A lexer, parser, assembly generator and a code emitter for a multi-language, multi-stage compiler that transforms a minimal C-like language into platform-aware x64 assembly.
This project demonstrates tokenization of a c program, parsing of tokens, assembly generation and x64 assembly code emission, which is a part of a full compiler pipeline, starting from a C source file and ending with a runnable assembly file. It is composed of two main repositories working in concert:
- obvcc-lexer (Rust): A lexical analyzer (lexer or tokenizer) for a simplified C-like programming language, implemented in Rust. It reads source code from a file (or a default string) and produces a stream of tokens, which are output as a JSON array to standard output.

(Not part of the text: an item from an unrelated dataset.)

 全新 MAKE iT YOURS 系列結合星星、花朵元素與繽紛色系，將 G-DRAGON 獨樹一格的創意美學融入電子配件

If errors are encountered during lexing, a JSON object describing the error is produced.
- obvcc-toolchain (OCaml): This repository consumes the lexer's output and performs all subsequent stages: parsing, semantic analysis, and assembly code generation.
The primary goal is to build and understand a complete, working toolchain, leveraging the strengths of both Rust (for performance-critical I/O) and OCaml (for its powerful type system and elegance in Abstract Syntax Tree transformations).
- The Compiler Pipeline
- The Compilation Stages
- Current Compiler Capabilities
- Project Architecture
- Getting Started
- Error Handling
- Potential Extensions
- License
This project implements a classic sequential pipeline, where the output of each stage becomes the input for the next, transforming the code from a high-level language into low-level machine instructions.
graph TD;
A["C Source File (.c)"] -->|"Lexing (Rust)"| B("Token Stream JSON");
B -->|"Parsing (OCaml)"| C{"C Language AST"};
C -->|"Assembly Generation (OCaml)"| D{"x64 Assembly AST"};
D -->|"Code Emission (OCaml)"| E["Formatted Assembly File (.s)"];
E -->|"Assembling (GCC/Clang)"| F("Executable");
Each stage performs a distinct transformation on the program's representation.

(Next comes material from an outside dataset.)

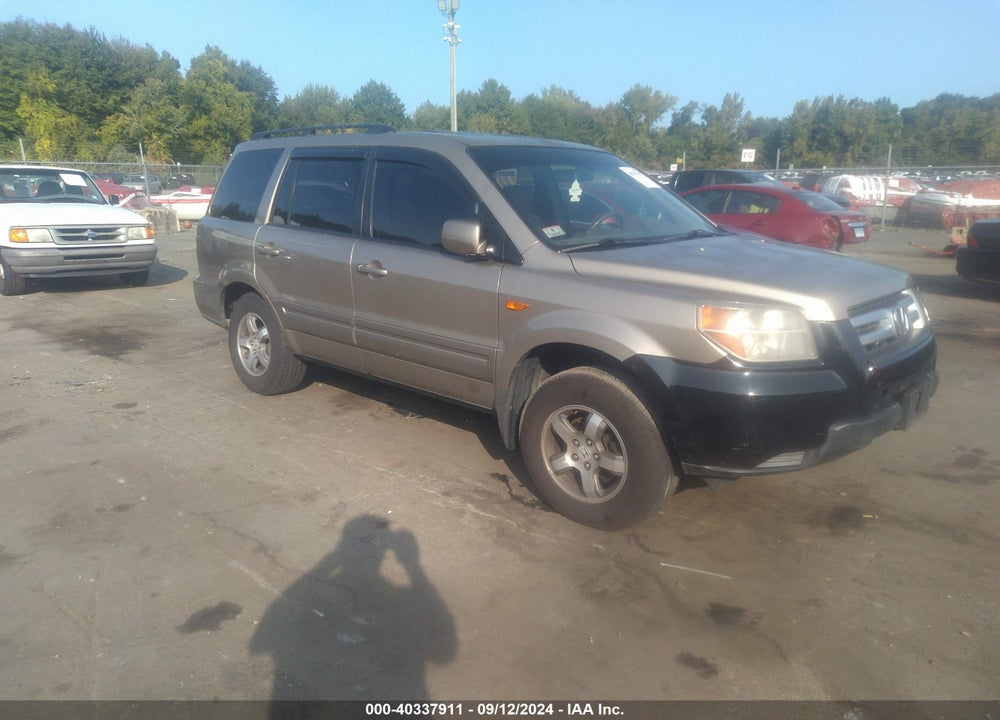 2007 HONDA PILOT EX-L VIN: 2HKYF18677H533458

The process begins with the obvcc-lexer Its job is to scan the raw source text and break it into a stream of atomic units called tokens.

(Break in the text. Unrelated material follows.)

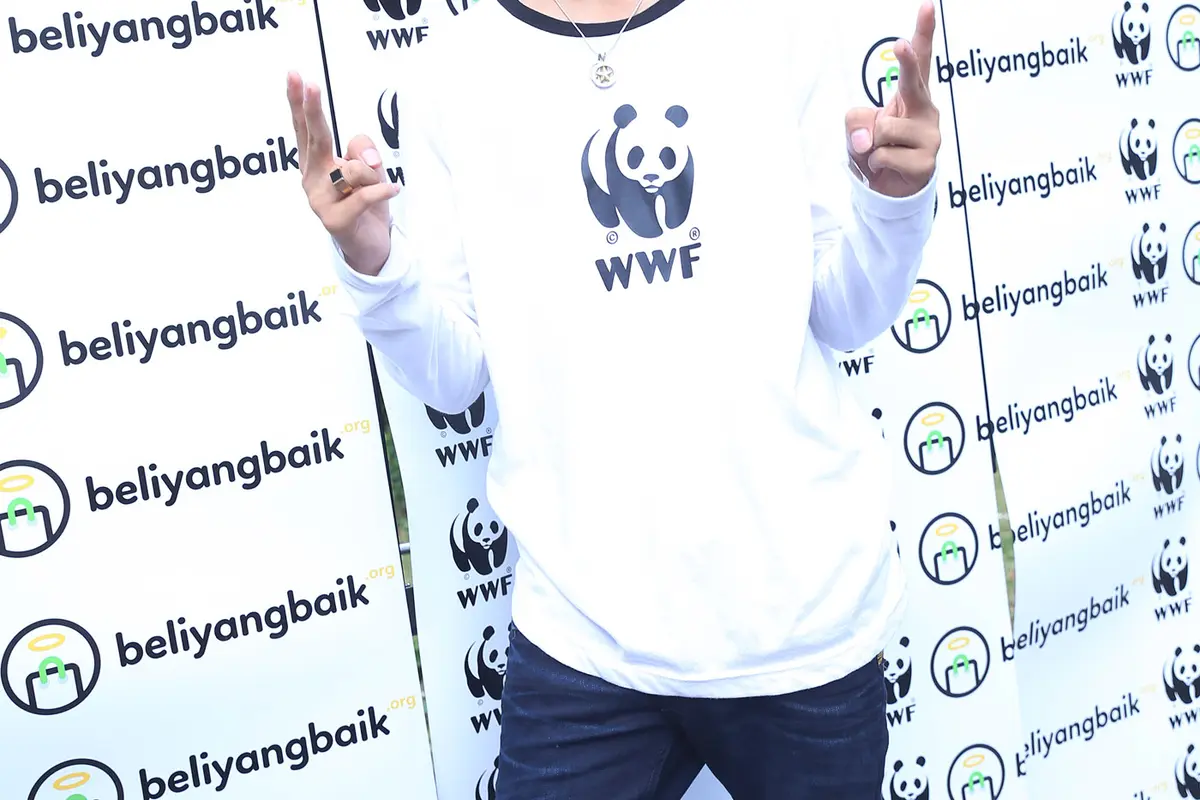 Bastian Steel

- Input: C source code (e.g.,
int main() { ... }). - Process: Identifies keywords (
int), identifiers (main), punctuation ({,}), and literals (42). - Output: A JSON array of these tokens, ready for the next stage.
-
Tokenizes basic C-like constructs:
- Keywords:
int,void,return - Identifiers: (e.g.,
main,variableName,_foo123) - Integer Constants: (e.g.,
0,123,42) - Punctuation:
(,),{,},;
- Keywords:
-
Skips Whitespace: Ignores spaces, tabs, and newlines between tokens.
-
Handles Comments:
- Single-line comments:
// ... until end of line - Multi-line comments:
/* ... can span multiple lines ... */(non-nested)
- Single-line comments:
-
Error Reporting: Produces structured JSON output for lexical errors, including:
UnexpectedCharacter: When a character is found that cannot start any known token.InvalidInteger: When a numeric literal is malformed or out of range (fori32).NoMatch: A fallback for when no token rule applies at a position.
-
JSON Output: Outputs the token stream or error information in JSON format for easy interoperability with other tools or compiler stages written in different languages.
-
Modular Design: The lexer logic is organized into sub-modules for clarity:
token.rs: Defines theTokenenum.error.rs: Defines theLexerErrorenum.core.rs: Contains theLexerstruct and core tokenization logic.mod.rs: Aggregates the lexer module and provides its public API.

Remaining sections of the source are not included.